Ah, physics. The cold, hard reality of how things work so often gets in the way of how we would prefer them to work.
But when it comes to the field of microscopy, which has been held back by the physical limitations of optical lenses, a group of engineers at Caltech say they've been able to use a computational approach to bypass these limitations -- and that the final images produced using their new system contain 100 times more information. What's more, the system costs just $200 to implement with a conventional microscope.
In a nutshell, the limitations of optical lenses have forced researchers to pick and choose between a system that gives them high resolution over a small field of view or low resolution over a wider field of view. See a little bit clearly or a lot coarsely.
"We found a way to actually have the best of both worlds," Guoan Zheng, lead author of the new paper in Nature Photonics, said in a school news release. "The optical performance of the objective lens is rendered almost irrelevant, as we can improve the resolution and correct for aberrations computationally."
Take that, physics!
Ultimately, the researchers were able to improve the resolution of a conventional 2X objective lens to the level of a 20X -- so they combined the larger field-of-view advantage of the 2X lens with the resolution of the 20X lens -- for just $200. They achieved this by taking 150 low-res images of a sample, corresponding each image to an LED element in an LED array, and then using a novel computational approach called Fourier ptychographic microscopy, stitching together the low-res images to form high-res intensity, resulting in a far more complete picture of what is available across the entire light field of the sample.
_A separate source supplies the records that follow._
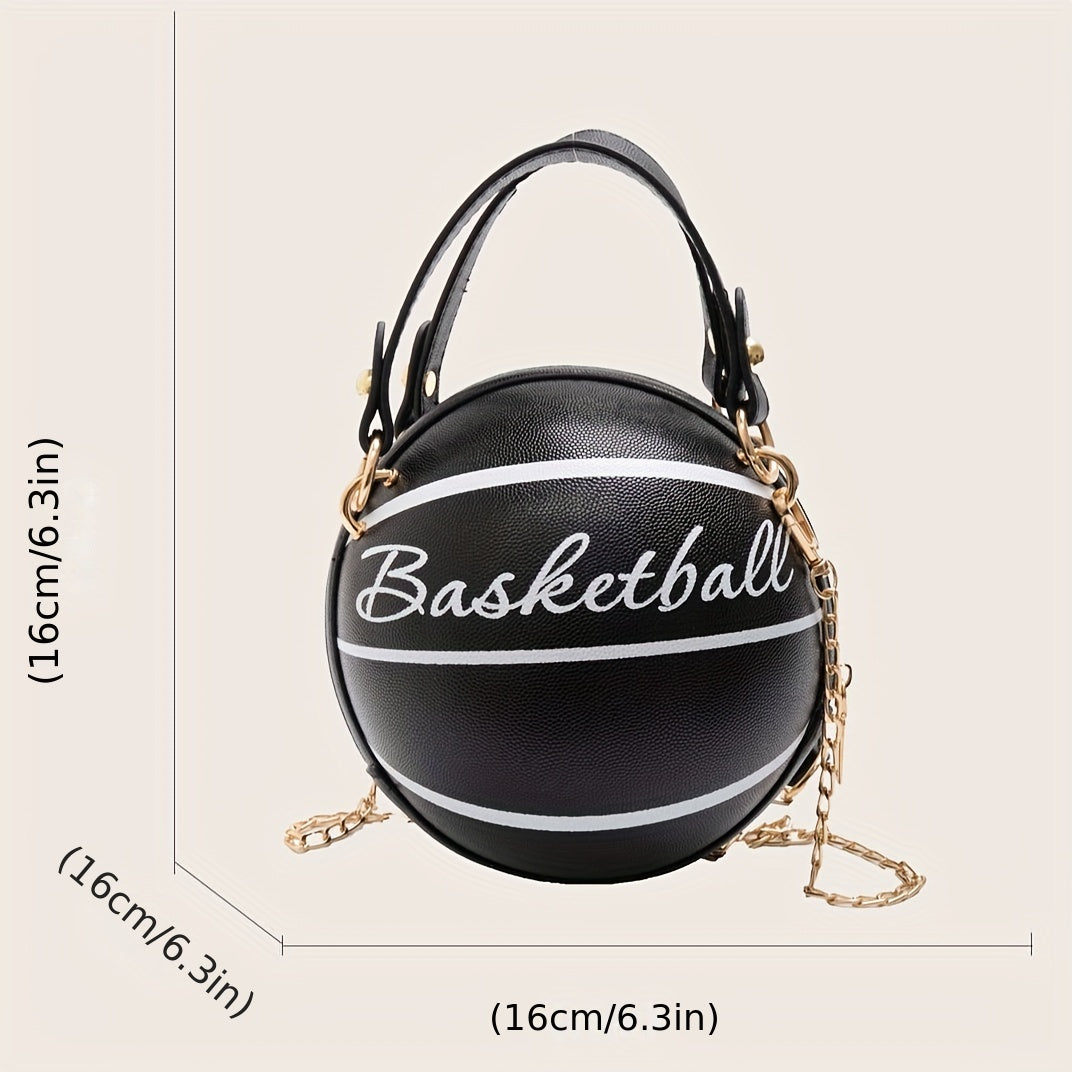 solvbao  Mini Letter Graphic Basketball Design Circle Bag, Fashion Chain Shoulder Round Purse, Hand Zipper Bag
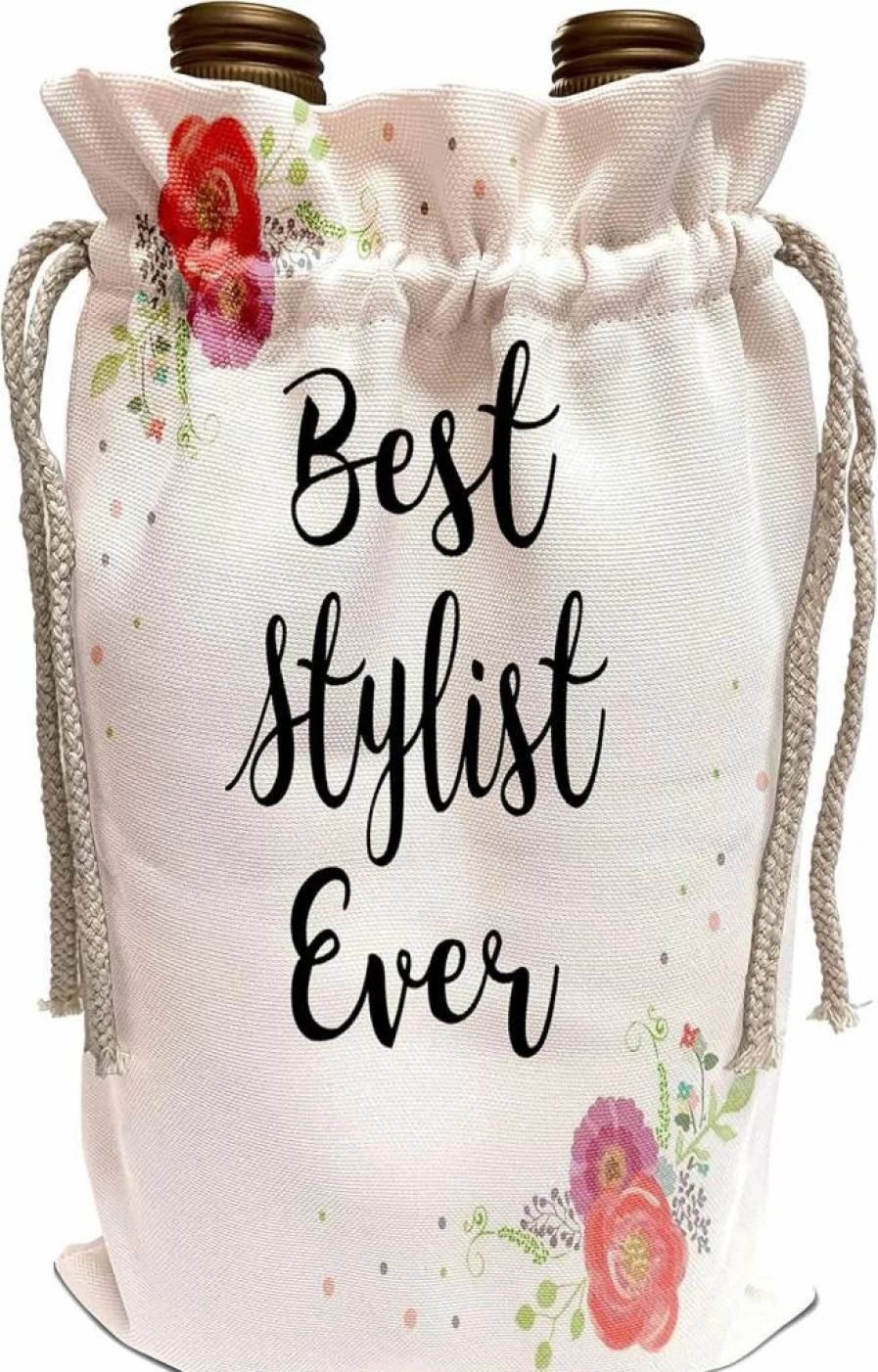 3dRose Floral Best Stylist Ever Wine Bag - Pink Flowers Hairstylist Fashion Gift for Hairdressers - Creative 3D Printed Tote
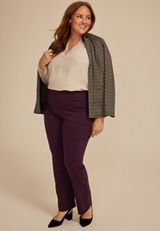Plus Size Burgundy Bengaline Mid Rise Bootcut Pant, C9149, small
Changhuei Yang, professor of electrical engineering, bioengineering and medical engineering at Caltech, says that we can only sense variations in intensity when looking at light from an object, but that light actually varies not only in intensity but in its phase -- and that phase is related to the angle at which light travels. By teasing out both the intensity and the phase of the light field across low-res images, they are able to "correct for optical aberration issues that otherwise confound your ability to resolve objects well."
Because the approach does not require scanning various parts of an image -- an entire sample can be imaged all at once via these 150 separate points -- and because the system gathers all the data about the light field, it is not only a faster approach, but it could actually correct errors computationally, such as blurriness, so that clinicians do not need to rescan an image for digital pathology applications.
"One big advantage of this new approach is the hardware compatibility," Zheng added. "You only need to add an LED array to an existing microscope. No other hardware modification is needed. The rest of the job is done by the computer."
The researchers figure their system could have many applications in anything from digital pathology to forensic photography, and that it could even extend to other imaging techniques, such as X-ray and electron microscopy.